One of the first concerns that arose at the beginning of COVID-related shutdowns was that the housing market—responsible for a large portion of economic activity in the United States—would be brought to a virtual standstill. Instead, the ensuing months were among the most active and profitable in recent history. This was due, in part, to early and robust government intervention at the local, state, and federal levels, including the CARES Act and its homeowner and renter protections.
Now, as some of the early provisions of the CARES Act, including mortgage forbearance, come to a close, homeowners, homebuyers, and real estate professionals are wondering what comes next. Learn what the end of mortgage forbearance means for your clients on both sides of the negotiating table—and what it may mean for your business.
COVID-era Mortgage Forbearance: A History
COVID-19 shutdowns began in mid-March 2020, and the passage of the CARES Act followed just days prior. This first foray provided an economic cushion for Americans reeling from the impact of the virus, and the CARES Act subsequently underwent updates and extensions over the following months.
The CARES Act was designed to meet a wide range of economic needs, from providing increased benefits for food stamp recipients to protections for business owners and their employees. As part of its focus on housing, The CARES Act also provided mortgage forbearance for homeowners with government-backed mortgages, including HUD-FHA, VA, and USDA loans and those backed by Fannie Mae and Freddie Mac.
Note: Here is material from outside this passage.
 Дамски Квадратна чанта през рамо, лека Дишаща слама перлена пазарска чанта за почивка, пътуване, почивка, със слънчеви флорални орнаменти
These protections led to similar protections from private mortgage providers.
Although it has been extended multiple times, forbearance for FHA, VA, and USDA homeowners is currently set to expire on September 30, 2021, and at this point no further extensions are expected. For homeowners who are eligible for forbearance, this means that applications must be completed and submitted by that date. Fannie Mae and Freddie Mac have not yet announced a deadline for requesting an initial forbearance.
Why the end of forbearance may lead to increased inventory
For many homeowners, the end of forbearance aligns with increased economic activity and a return to pre-COVID employment. This may provide the opportunity for these individuals to resume their mortgage payments while also making arrangements for making up missed payments. Alternatively, some may choose to refinance their loans at today’s low rates in order to make repayment more manageable.
For those who are still struggling, the end of forbearance may mean selling their current home in order to get out from under a burdensome financial obligation. A recent report by Zillow posited that this could result in almost a quarter-million new listings, which presents both an opportunity and an obligation for real estate agents and brokers working with eager buyers and distressed homeowners.
How to prepare your business for a more active market
For those agents with a long list of buyers who have been frustrated by low inventory and rising home prices, the months ahead may offer an unexpected opportunity. Increased inventory is poised to couple with a return to somewhat normal living conditions, with increased rates of vaccination, rising rates of travel, and the return of students to in-person schools.
At the same time, for markets with a seasonal ebb and flow, a fall and winter market that is more like that of the pre-COVID housing market, coupled with increased inventory, may help to ameliorate the tightening and hyper-competitive purchase environment of the past year and a half. For those buyers turned off by multiple offer situations on every listing, this could be a welcome respite that would tempt them back into a home search.
To communicate this good news to your buyers, do the following:
- Reach out with supporting statistics for your market. These could include increasing average days on the market, an increase in the number of active listings, and more stable home prices.
- Talk to them about their search, and find out if any of the specifics have changed or if they’re interested in broadening their search parameters.
- Find out whether they’re planning to go back to the office or if they are working remotely permanently. This could help them broaden their search to neighborhoods that weren’t on their original list.
- Work with your favorite lender to come up with a solution-based approach, including mortgage products that fund renovations and improvements for buyers who are willing to entertain the idea of a fixer-upper property.
How to help homeowners in financial distress following forbearance
For sellers who approach you in response to the end of mortgage forbearance, do the following:
- Make sure they have reached out to their lender and exhausted all their options under their current forbearance plan.
- Make sure they understand their options for refinancing before they decide to sell.
- Help them price their property appropriately for the latest market conditions so that they can get the most out of their home’s equity.
- Help them determine whether they may be able to downsize into a smaller home using the proceeds from the sale of their current home so that they can continue to enjoy the benefits of homeownership.
- Reach out to your professional network and create a comprehensive marketing plan so that your seller clients can maximize the value that currently exists in their home and get back on their feet financially.
As a real estate professional, you are uniquely positioned to make a huge difference in the lives of both buyers and sellers during this challenging time. Make sure that you are communicating regularly and keeping up to date with all the market and economic trends that will impact your clients in the days ahead.